Despite additional property curbs imposed by the government, Singapore's private home prices are still inching upwards, said a Bloomberg report on Monday, October 1.
According to a flash estimate from the Urban Redevelopment Authority (URA), private residential prices increased 0.5 percent in the three months that ended September 30.
That adds to a 9.1 percent gain in the year through June, and is the slowest increase the market has seen in five quarters.
Apartment prices in prime districts increased 1.2 percent last quarter, as compared to a 0.9 percent gain in three months through June 30. In addition, unit prices in suburban areas rose 0.1 percent after a 3 percent climb in the previous quarter, said the report.
On the other hand, prices near prime areas slid 0.8 percent after gaining 5.6 percent in the June quarter.
After a steep rise in home prices in the first six months of 2018, Singapore had taken measures cool the market.
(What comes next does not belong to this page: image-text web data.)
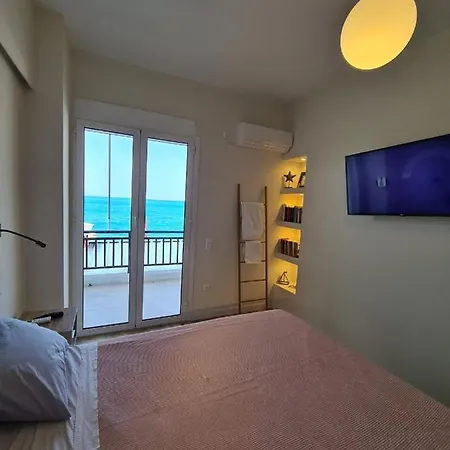Grace Seaside * Loutraki (Corinthia)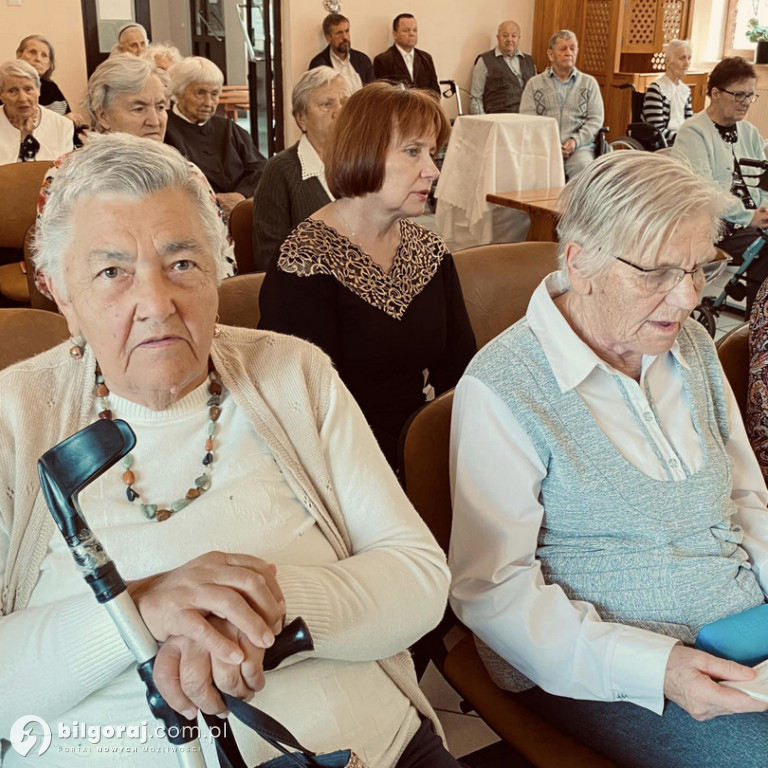 Odpust DPS dla Kombatantów 2022
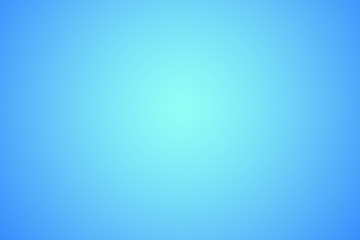 gradient abstract blue background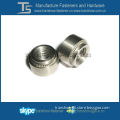 Galvanized Steel Self clinching Nuts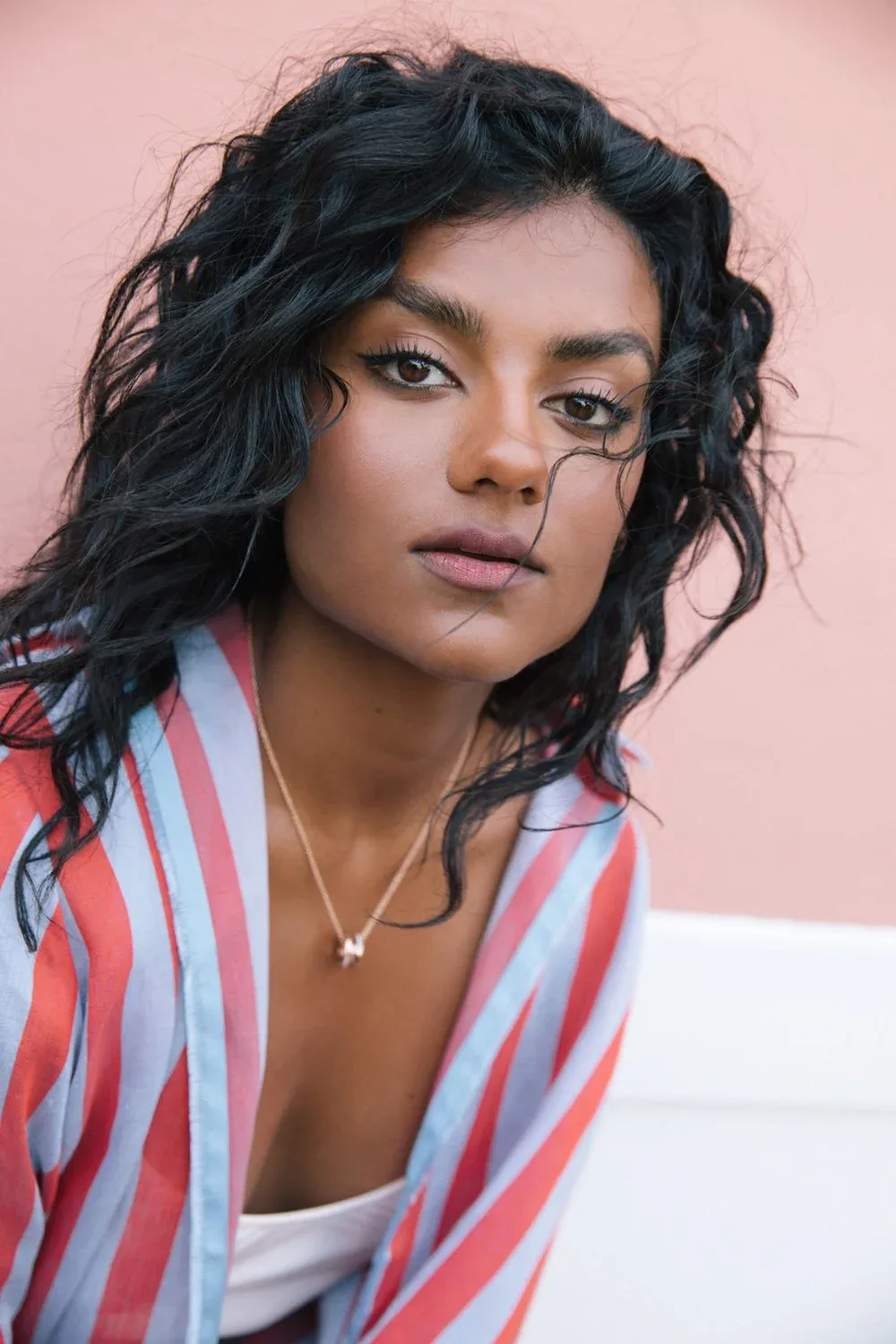Simone Ashley photo 5 — Asian, Actress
This is to avoid the risk of a sharp correction that could be destabilising to the country’s economy.
The rush of transactions was fueled by aggressive land bids from developers and so-called en-bloc transactions, in which groups of owners have banded together to sell entire apartment buildings.
Individuals taking out their first housing loan face stricter borrowing limits under the new measures. This means they have to stump up more cash upfront. As for foreign purchasers of residential property, the additional buyer’s stamp duty was increased from 15 to 20 percent. For Singapore citizens, the extra charges will only apply from their second home purchase.
However, the rising prices in Singapore’s property market are not homogenous. For example, in the luxury precinct of Sentosa Cove, average prices are down almost 30 percent from their 2011 highs. This was a far more severe dip than in prime central London areas reeling from Brexit.